Joint Flashback Adaptation for Forgetting-Resistant Instruction Tuning
Summary: arXiv:2505.15467v2 Announce Type: replace-cross
Abstract: Large language models have achieved remarkable success in various tasks. However, it is challenging for them to learn new tasks incrementally due to catastrophic forgetting. Existing approaches rely on experience replay, optimization constraints, or task differentiation, which encounter strict limitations in real-world scenarios. To address these issues, we propose Joint Flashback Adaptation. We first introduce flashbacks — a limited number of prompts from old tasks — when adapting to new tasks and constrain the deviations of the model outputs compared to the original one. We then interpolate latent tasks between flashbacks and new tasks to enable jointly learning relevant latent tasks, new tasks, and flashbacks, alleviating data sparsity in flashbacks and facilitating knowledge sharing for smooth adaptation. Our method requires only a limited number of flashbacks without access to the replay data and is task-agnostic. We conduct extensive experiments on state-of-the-art large language models across 1000+ instruction-following tasks, arithmetic reasoning tasks, and general reasoning tasks. The results demonstrate the superior performance of our method in improving generalization on new tasks and reducing forgetting in old tasks.
Introduction
The development of large language models has revolutionized the field of artificial intelligence, enabling machines to perform a wide array of tasks with high accuracy. However, one persistent challenge in the realm of machine learning is the issue of catastrophic forgetting. This phenomenon occurs when a model forgets previously learned information upon being trained on new data. Traditional strategies for mitigating this issue, such as experience replay and optimization constraints, often fall short in practical applications.

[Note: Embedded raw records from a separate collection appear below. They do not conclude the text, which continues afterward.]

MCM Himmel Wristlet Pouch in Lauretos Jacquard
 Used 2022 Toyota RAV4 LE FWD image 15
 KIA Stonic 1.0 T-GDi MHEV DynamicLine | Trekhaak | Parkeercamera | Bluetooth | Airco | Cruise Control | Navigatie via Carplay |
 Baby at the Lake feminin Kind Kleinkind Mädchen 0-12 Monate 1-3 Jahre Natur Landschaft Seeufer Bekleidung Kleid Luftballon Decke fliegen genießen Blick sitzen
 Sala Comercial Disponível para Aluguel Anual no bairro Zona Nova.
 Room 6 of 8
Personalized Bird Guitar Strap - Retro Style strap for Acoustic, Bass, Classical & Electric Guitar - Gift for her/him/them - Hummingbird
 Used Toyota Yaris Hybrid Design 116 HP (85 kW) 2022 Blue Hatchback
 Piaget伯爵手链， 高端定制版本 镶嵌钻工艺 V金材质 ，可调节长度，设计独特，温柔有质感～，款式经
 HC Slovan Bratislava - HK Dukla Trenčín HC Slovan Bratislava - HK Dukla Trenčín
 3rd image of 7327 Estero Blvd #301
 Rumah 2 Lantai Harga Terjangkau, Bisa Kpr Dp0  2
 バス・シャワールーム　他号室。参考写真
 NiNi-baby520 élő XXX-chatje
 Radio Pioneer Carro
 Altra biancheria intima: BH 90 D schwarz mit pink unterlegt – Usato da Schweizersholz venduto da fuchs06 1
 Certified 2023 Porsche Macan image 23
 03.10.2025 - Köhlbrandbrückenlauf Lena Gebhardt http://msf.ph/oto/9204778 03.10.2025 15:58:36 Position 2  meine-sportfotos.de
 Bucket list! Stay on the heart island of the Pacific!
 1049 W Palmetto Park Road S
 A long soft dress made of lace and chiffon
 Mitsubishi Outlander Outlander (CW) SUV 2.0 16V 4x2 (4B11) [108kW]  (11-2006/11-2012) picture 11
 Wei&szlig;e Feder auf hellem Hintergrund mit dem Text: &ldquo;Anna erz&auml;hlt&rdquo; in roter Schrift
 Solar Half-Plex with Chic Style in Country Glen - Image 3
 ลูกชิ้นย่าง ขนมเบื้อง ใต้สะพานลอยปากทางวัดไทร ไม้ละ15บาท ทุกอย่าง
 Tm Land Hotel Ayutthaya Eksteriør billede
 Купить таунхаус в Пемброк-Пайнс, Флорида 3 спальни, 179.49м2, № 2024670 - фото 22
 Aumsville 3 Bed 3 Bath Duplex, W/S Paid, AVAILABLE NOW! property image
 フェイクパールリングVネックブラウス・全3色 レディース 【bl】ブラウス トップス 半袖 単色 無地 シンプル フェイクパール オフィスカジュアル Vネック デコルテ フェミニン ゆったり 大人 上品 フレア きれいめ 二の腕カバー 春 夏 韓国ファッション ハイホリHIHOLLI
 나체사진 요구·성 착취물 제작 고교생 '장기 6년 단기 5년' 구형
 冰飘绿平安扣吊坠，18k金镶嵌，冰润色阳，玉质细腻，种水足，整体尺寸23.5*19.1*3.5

Proposed Solution: Joint Flashback Adaptation
To tackle the challenges associated with catastrophic forgetting, our research introduces a novel approach known as Joint Flashback Adaptation. This method focuses on two primary features:
- Flashbacks: A limited set of prompts from prior tasks are utilized during the adaptation of new tasks. This mechanism allows the model to retain essential information from old tasks while learning new ones.
- Latent Task Interpolation: Our method interpolates between flashbacks and new tasks, facilitating the joint learning of relevant latent tasks. This approach significantly alleviates data sparsity issues that arise with flashbacks and enhances knowledge sharing, leading to smoother adaptations.
Key Advantages
The Joint Flashback Adaptation technique offers several advantages:
- Requires only a limited number of flashbacks, which reduces the need for extensive replay data.
- Is task-agnostic, making it applicable across various domains without specific adjustments.
- Enhances generalization on new tasks while minimizing the forgetting of previously learned tasks.
Experimental Validation
Our approach was rigorously tested on state-of-the-art large language models across a diverse set of tasks, including over 1000 instruction-following tasks, arithmetic reasoning tasks, and general reasoning tasks. The experimental results showcase the effectiveness of Joint Flashback Adaptation in improving model performance, demonstrating a significant reduction in forgetting while enhancing the ability to generalize to new tasks.
Conclusion
In conclusion, Joint Flashback Adaptation represents a significant advancement in the ongoing battle against catastrophic forgetting in large language models. By leveraging flashbacks and latent task interpolation, our method not only preserves knowledge from old tasks but also facilitates the smooth integration of new tasks. This innovative approach has the potential to reshape how models learn and adapt in real-world scenarios, paving the way for more robust and efficient machine learning systems.